Douze ans de réclusion pour la mère infanticide

logoParisien-292x75 Élodie Soulié, 10/03/2011

Le verdict est tombé tard hier soir. Nathalie, la mère du petit Romuald, son fils de 14 mois qu’elle avait précipité d’une fenêtre d’hôtel, le 26 mai 2008 à Noisy-le-Grand, et d’Océane, cette fillette d’aujourd’hui presque 14 ans qu’elle avait également tenté de défenestrer, a été condamnée par la cour d’assises de Bobigny à douze ans de réclusion criminelle et cinq ans de suivi socio-judiciaire.

Un verdict conforme aux réquisitions de l’avocate générale, qui n’avaient pas surpris Nathalie. «Je ne verrai pas grandir ma fille », avait-elle prédit un peu plus tôt, comme résignée à la prison, quelle qu’en soit la durée.

Le drame de toute une famille

Elle comptait sur ces années de réclusion pour « évoluer ». « J’ai pris la vie de Romuald et je l’ai empêché de grandir avec son père, avec sa sœur », a répété Nathalie, dont la détresse a marqué chaque minute des trois longues journées de son procès. Elle risquait la prison à vie, mais l’avocate générale, Marie-Denise Pichonnier, s’est refusée à cette trop simple application de la loi : le drame de Nathalie, du père de Romuald, d’Océane et de toute une famille, méritait des nuances.

« Comment ne pas être sensible à cette détresse? » s’est questionnée Marie-Denise Pichonnier, exhortant en même temps les jurés à « ne pas oublier son acte, le plus horrible, irréparable, d’avoir tué son enfant ». L’avocate générale est alors longuement revenue sur le « parcours de vie difficile » de cette mère de 46 ans, et sur « un processus qui mènera à ce drame ». Son enfance sans tendresse, ses échecs professionnels, sentimentaux, cette « quête d’amour et la peur de l’abandon ». Et les paradoxes de Nathalie, « qui a parfois su se tourner vers les bonnes personnes pour demander de l’aide, et pourtant va s’engluer dans une relation de couple qui conduira à son geste fatal ».

Cette relation a le visage de Sessinou Agossou, le père du petit Romuald Partie civile malmenée et souvent placée en accusé, pour n’avoir pas su aimer assez, et protéger d’elle-même, la femme qui, dans le box, dénonce «son emprise».
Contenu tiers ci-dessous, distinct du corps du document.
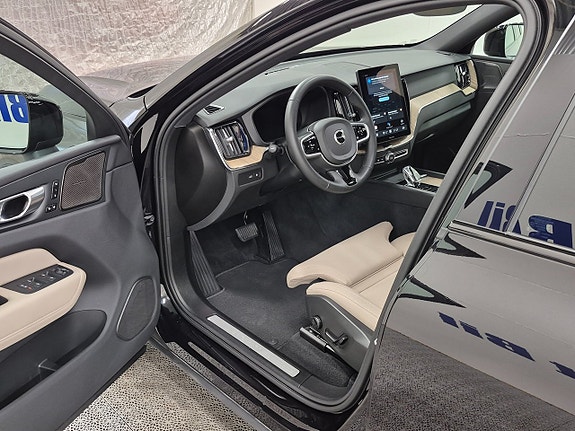 Volvo XC60 2 of 12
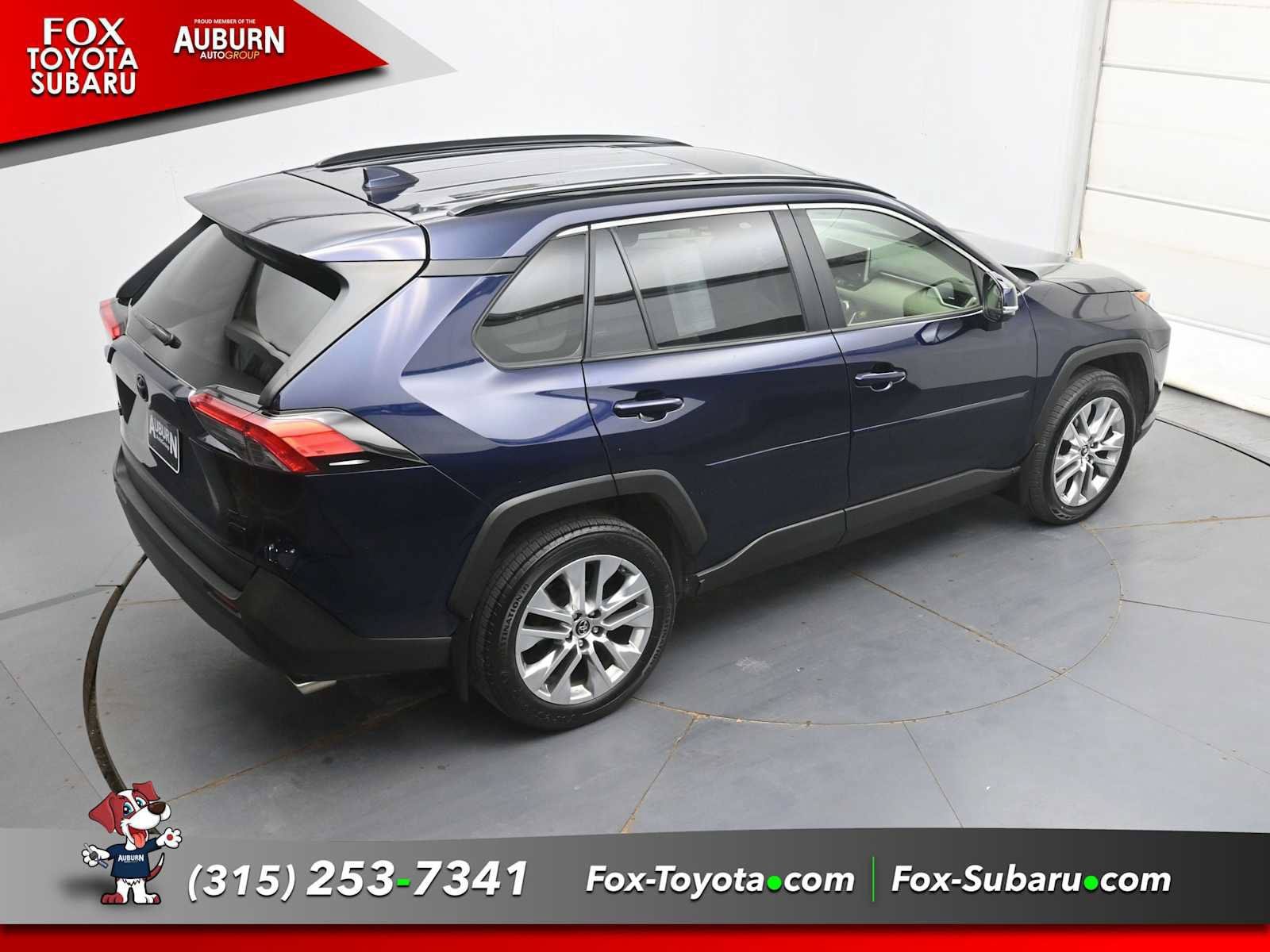 Used 2019 Toyota RAV4 XLE Premium w/ Cold Weather Package AWD/4WD image 29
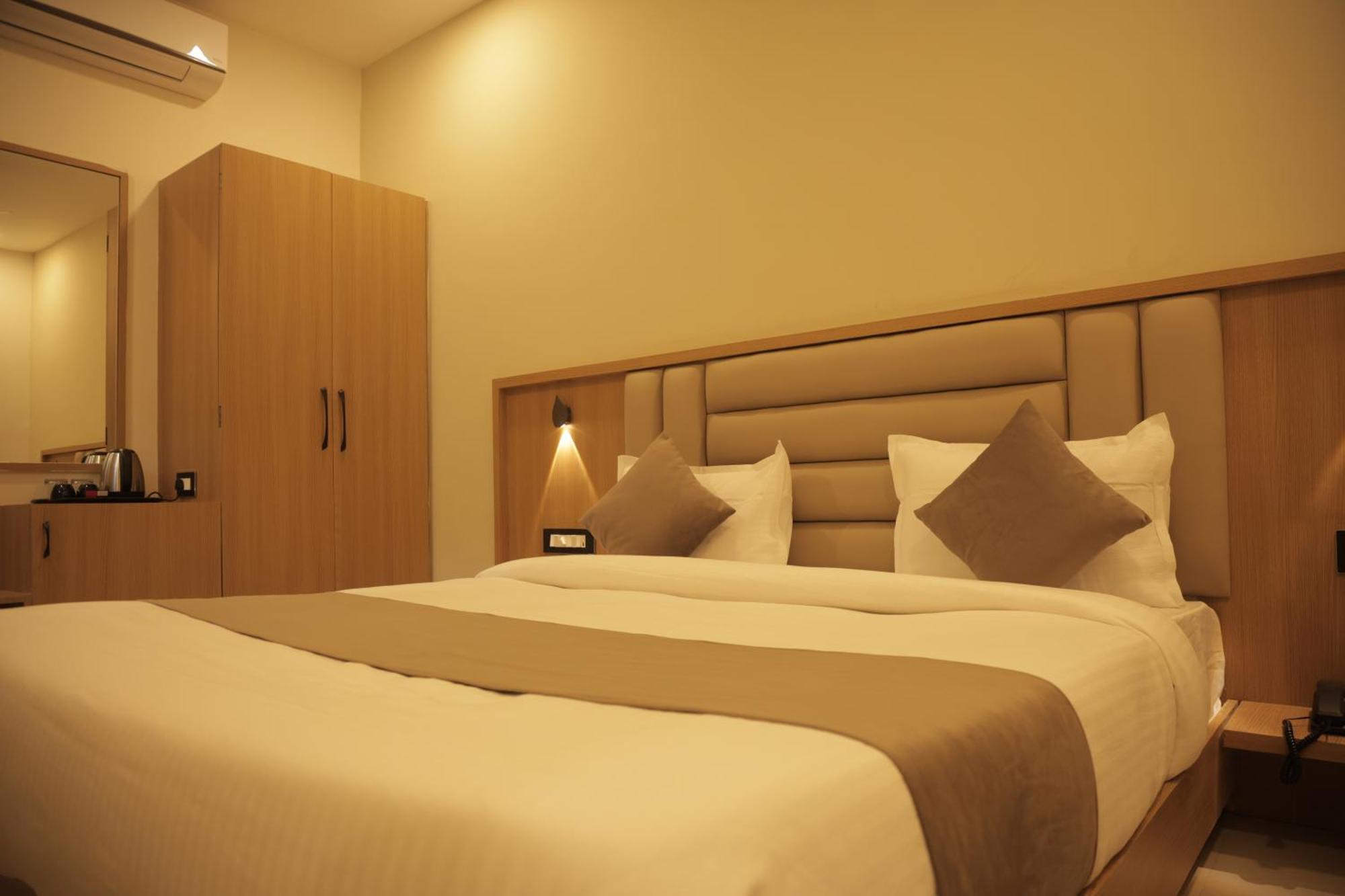 Hotel The Rainbow Inn Udaipur Ngoại thất bức ảnh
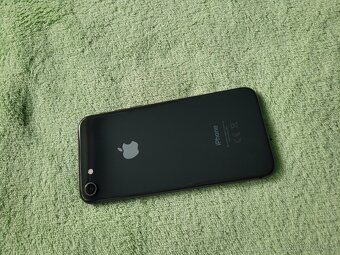 iPhone 8 64gb stav baterie 95% - 5
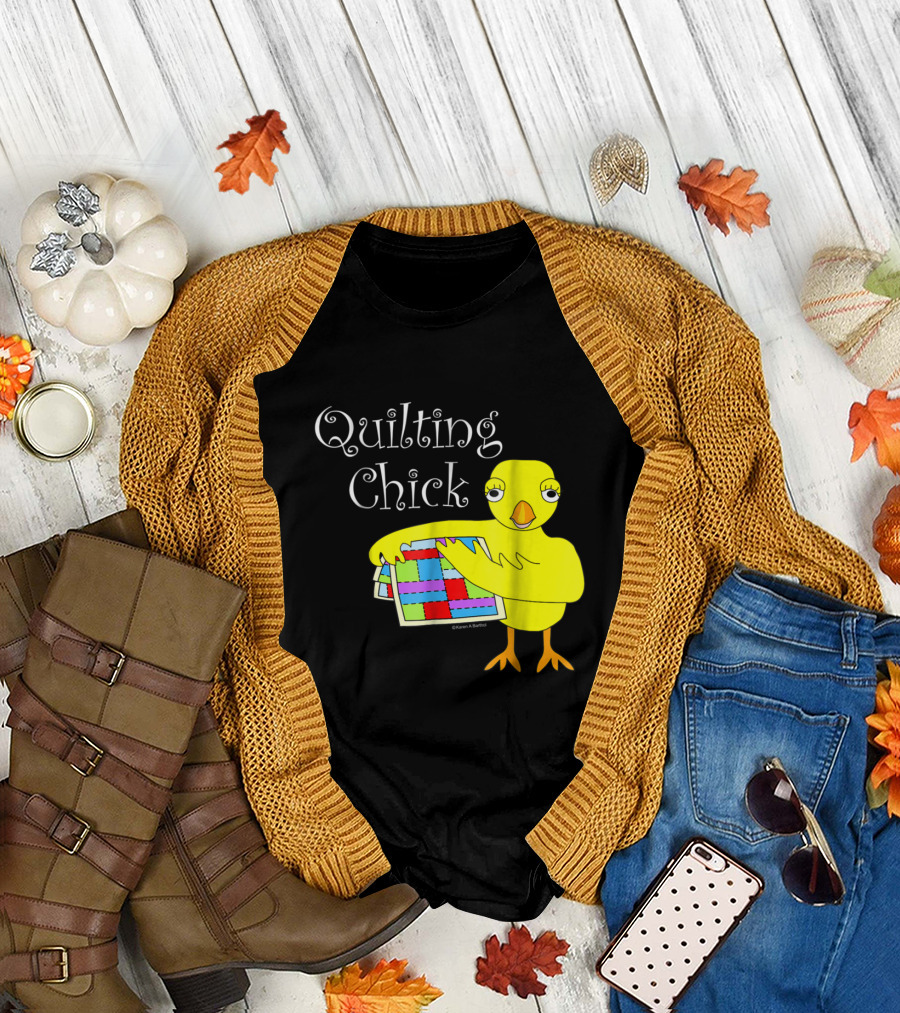 Quilting Chick Holding Colorful Patchwork Funny Needlecraft Hobby T-Shirt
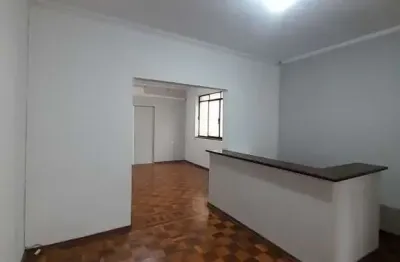 Casa comercial para locação no jardim guanabara – ótima localização!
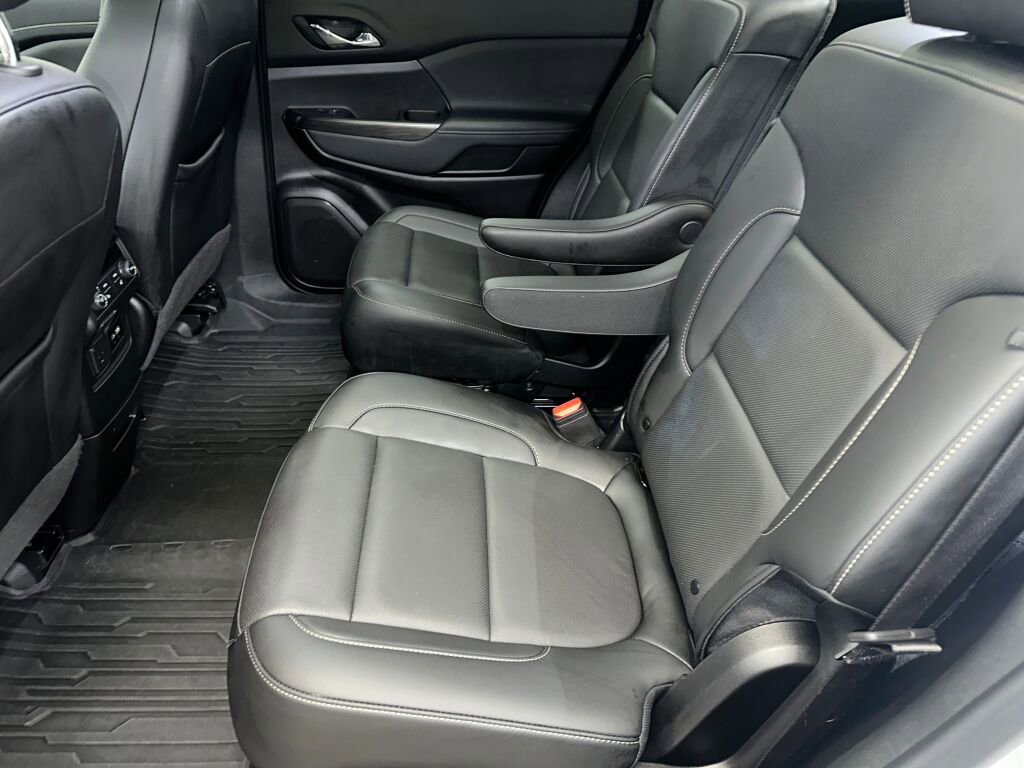 Certified 2023 GMC Acadia SLT w/ Preferred Package image 22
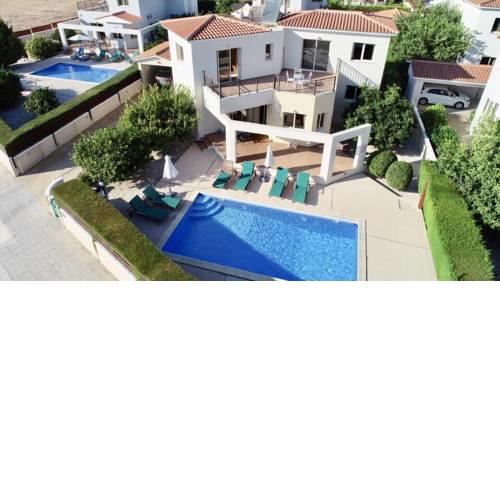 Holiday villa with pool and sea view!
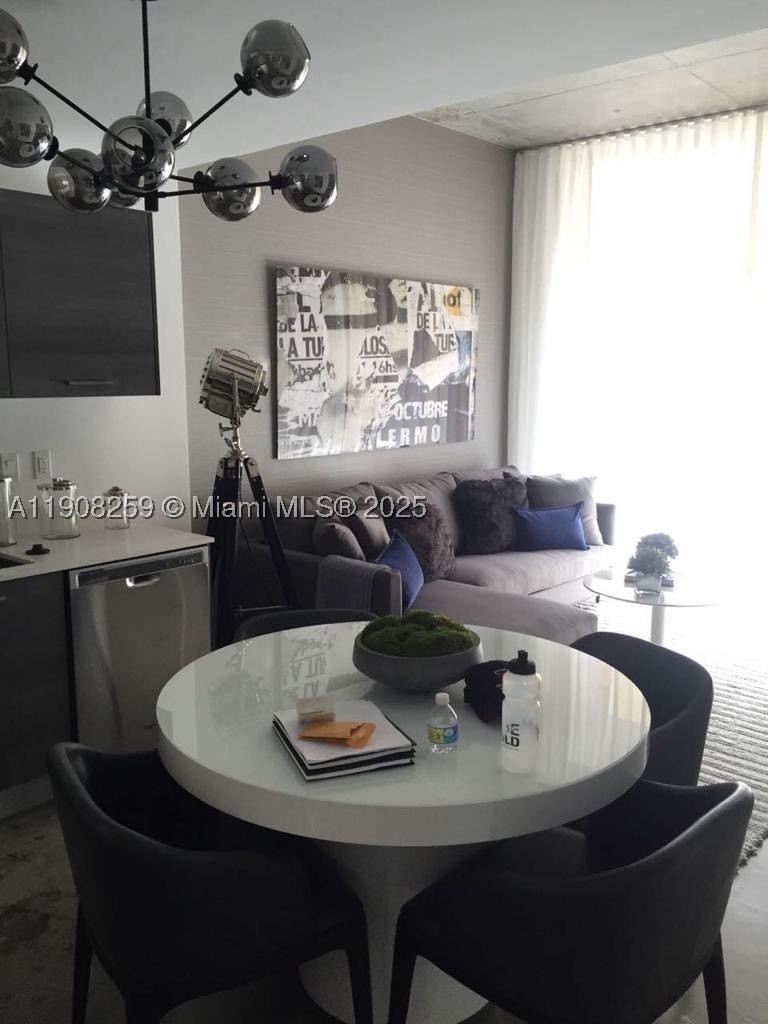 151 SE 1st St 903 — photo
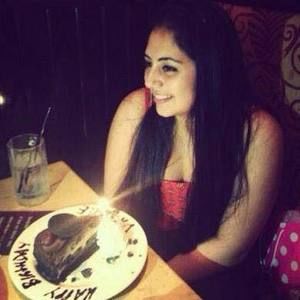 Meet your Posher, Danielle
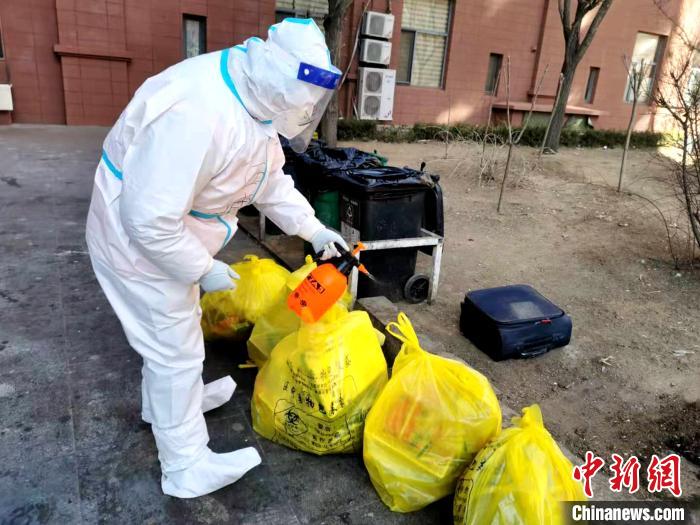 給垃圾做消殺。　鐵西區(qū)委宣傳部 攝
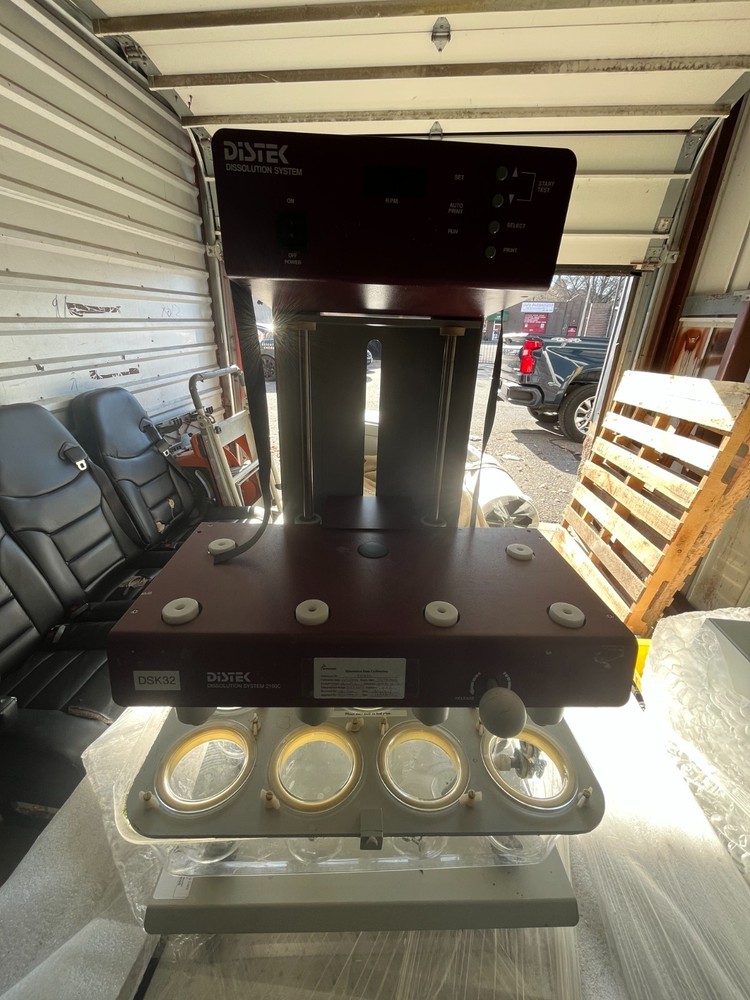 Distek dissolution test system 2100C Last Calibrated 2024 with TCS0200C
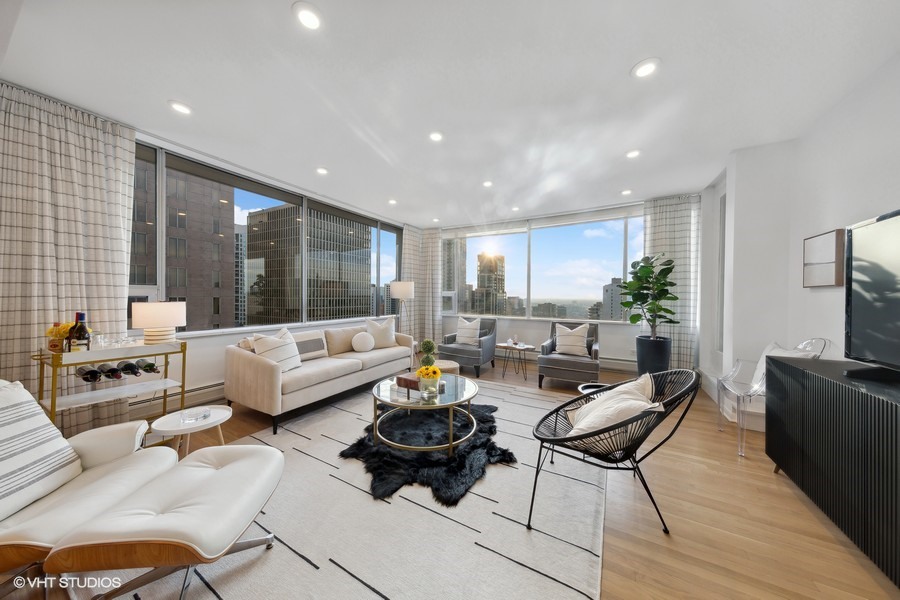 1000 N Lake Shore Plaza Unit: 33C
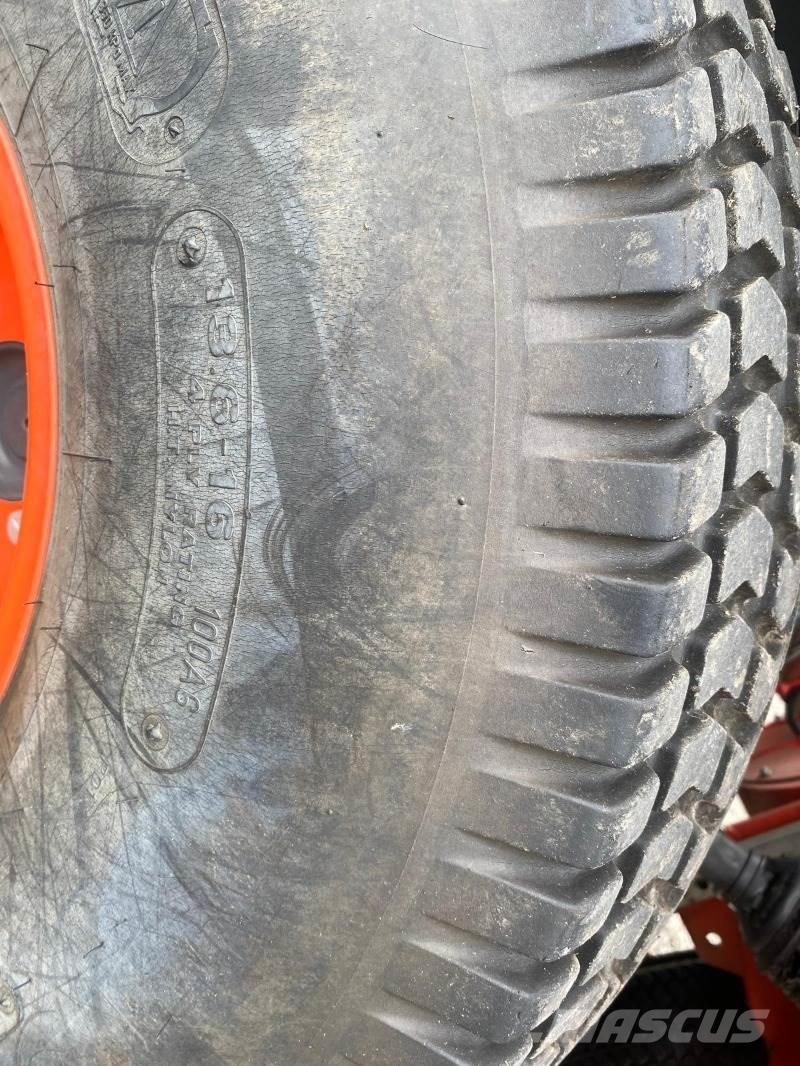 Kubota ST 401-C Trattori compatti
Entre eux, cinq ans d’amour avaient dégénéré en crises parfois violentes, de part et d’autre, avant même la naissance de Romuald L’enfant au¬rait pu les réunir, mais il rien fut rien La décision d’un juge des affaires familiales de confier le petit à son père fut le détonateur. Nathalie refusait « l’injustice » et, comme l’a rappelé l’avocate générale, a dès lors « plusieurs fois menacé de se tuer et de s’en prendre aux enfants ». Suicidaire, elle avait déjà montré qu’elle l’était Meurtrière, elle allait le devenir. Sur une impulsion, mais en même temps avec méthode. Elle avait acheté les médicaments qui devaient lui « donner le courage » et endormir sa fille, elle avait écrit une lettre à ses proches : « Ne vous posez pas de question sur ce qui est arrivé, je suis allée à l’encontre des décisions de cet homme.»

Cet homme, c’était Sessinou, qu’elle accusait d’avoir « causé [sa] perte et celle de ses enfants ».

Nathalie avait écrit cette lettre exutoire deux semaines avant le drame auquel a assisté Océane, restée sauve parce qu’elle s’est débattue et a refusé de boire le sédatif. Impuissante, la fillette a vu sa mère jeter son frère par la fenêtre du cinquième étage, et pourtant cette semaine, courageuse petite fille au regard vif encadré de tresses brunes, bouleversée mais présente tout au long de l’audience, elle a rappelé à la cour qu’elle avait une maman. « Maman je t’aime », a-t-elle murmuré lors de son audition en regardant sa mère.